When to retrain your Model:
- Predictive models:
For predictive analytics models, the main initiator for retraining would be a change in the production environment. resulting in the change of collected Dataset. This could nonetheless be caused by many factors:
- An overall change in the business objective: This could include a change in the granularity at which the Dataset is used. An Example, in a Company HR Dataset, could be moving from making predictions on a Department Level to making predictions on an Employee Level.
- The addition of either new features in the Dataset or even new values in the existing features which did not figure within the values of the training dataset. This type of change in the Dataset would require the retraining of the Model.
- The emergence of new trends in the marketplace: These new trends would appear in the generated Datasets. This could be detected by the degradation of the results that are provided by the existing Prediction Models.
- Anomaly Detection models:
In anomaly detection, the need to retrain the models originates mainly from a change in what is considered to be a Normal behavior of a certain monitored property. The could be caused by the following factors:
- A change in the context in which the Property values are measured then monitored: An example is monitoring the Traffic in a Street in the Working weekdays while excluding the weekends then adding the Weekend days to the monitored behavior. Here the change in the Traffic is normal however would be detected as an Anomaly unless the model is retrained.

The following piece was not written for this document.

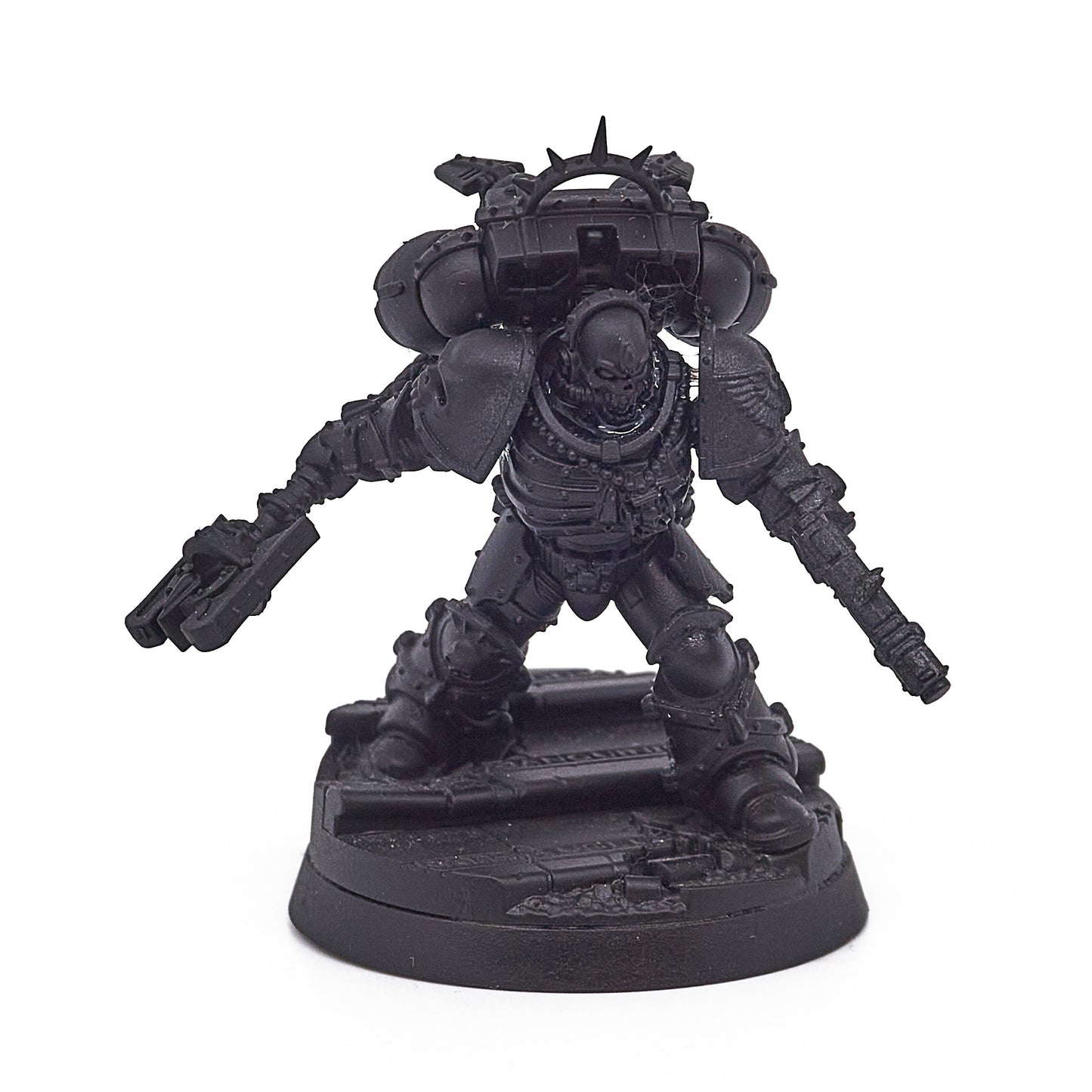 Blood Angels - Lemartes (18183-V) - Used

- A change in the Thresholds of values accepted to be normal in a certain property. An example is the temperatures measured on a running device. The Device, previously, never run at full power when the model was built but since it started running at full power the temperature increased beyond the usual threshold and thus the model needs to be retrained to include the new Normal temperatures.
- Another reason that could justify retraining the anomaly detection model is simply that when the model was trained the Property values that were used were not representing its normal state. For example, the temperature of an Engine was being measured on a "Turned off" state when we are actually trying to build a model that would detect temperature anomalies on a running Engine.
This might not be an exhaustive list of the reasons that would require either a Predictive or an Anomaly Detection Model to be retrained.
As a general rule of thumb, if the model starts delivering results that are below expected or if the business context for the model is not valid, then it might be a wise decision to retrain the Analytics Model.